Given data: Begin
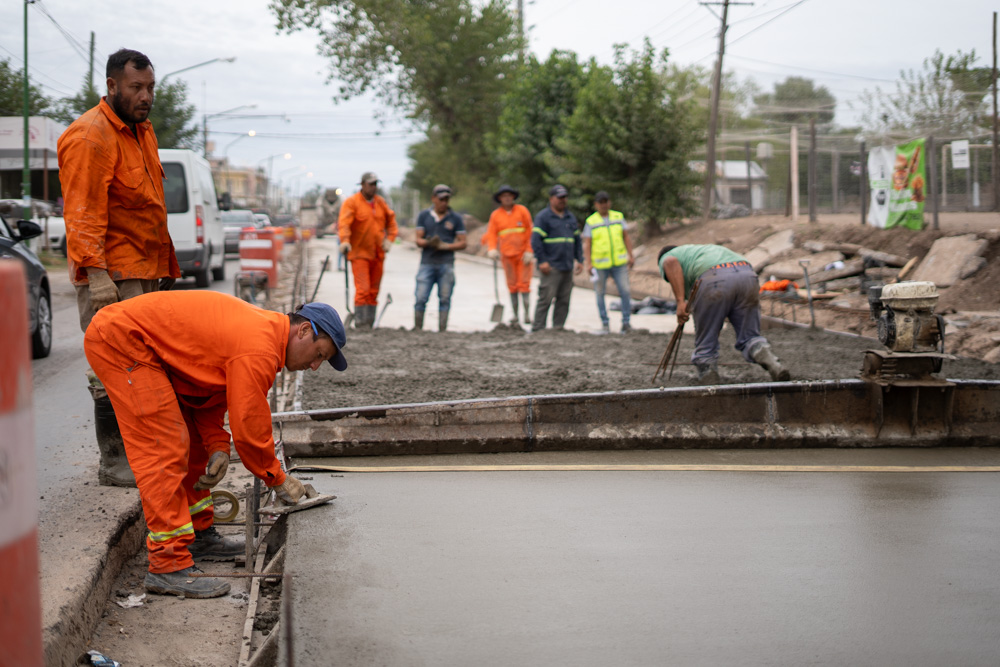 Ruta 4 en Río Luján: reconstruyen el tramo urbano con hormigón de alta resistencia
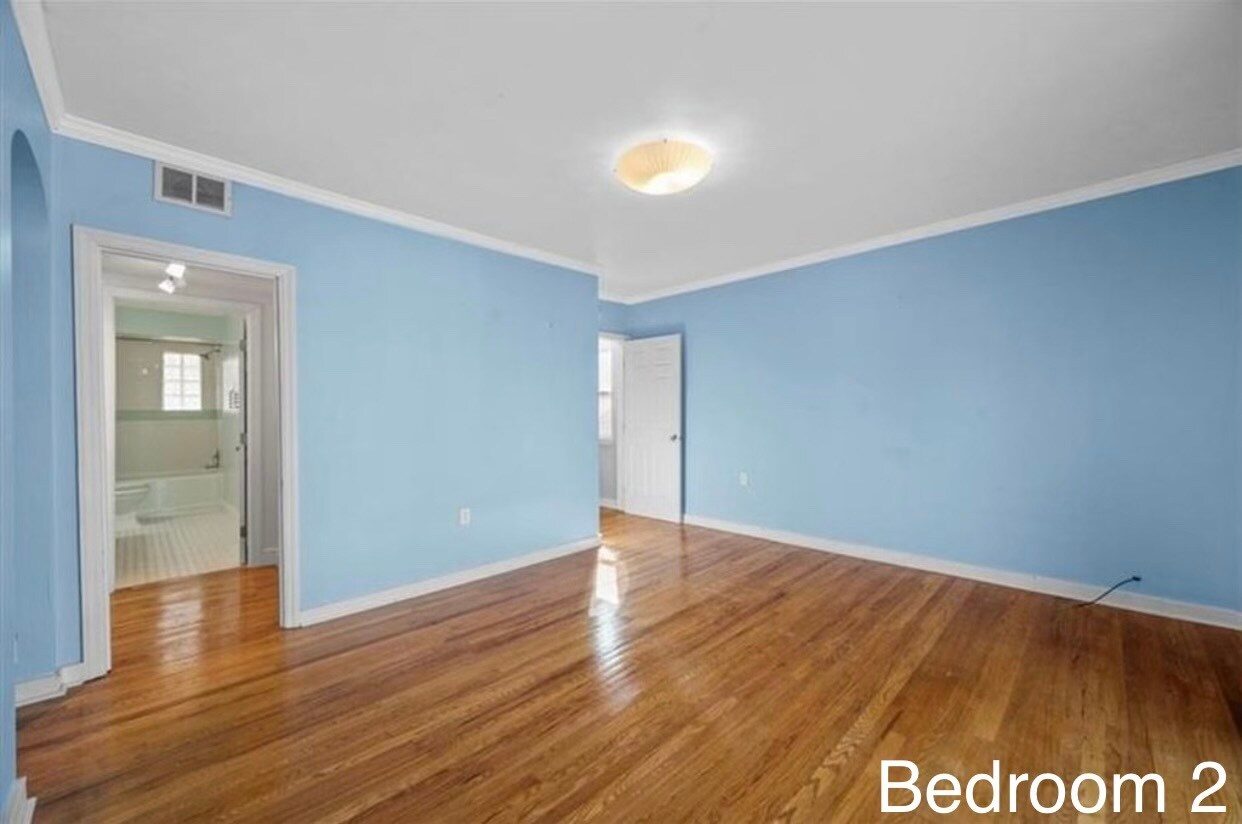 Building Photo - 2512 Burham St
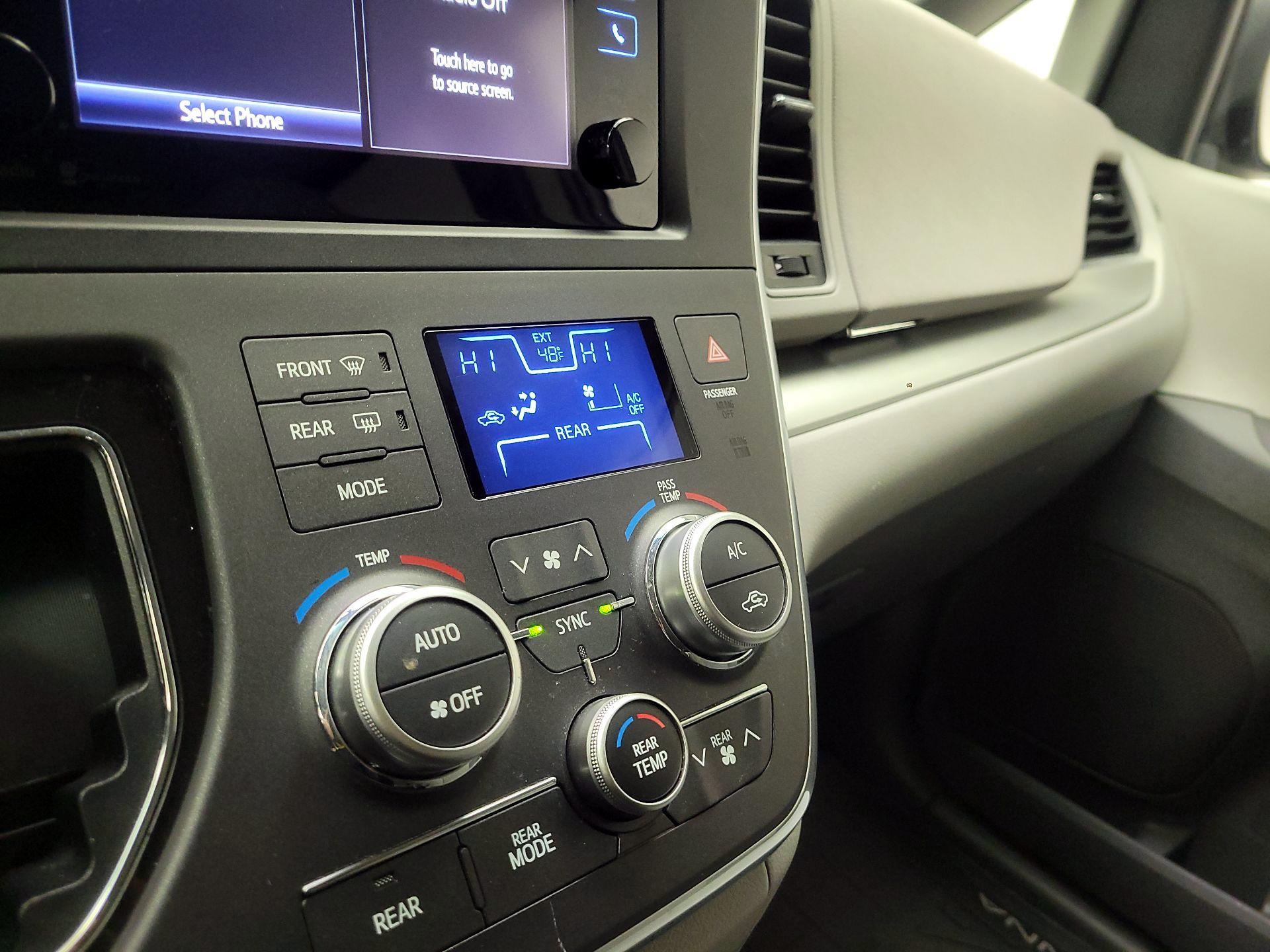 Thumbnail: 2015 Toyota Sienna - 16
Given data: End
The listing should be transcribed in full, exactly, and without its pictures.

 Ruta 4 en Río Luján: reconstruyen el tramo urbano con hormigón de alta resistencia
 Building Photo - 2512 Burham St
 Thumbnail: 2015 Toyota Sienna - 16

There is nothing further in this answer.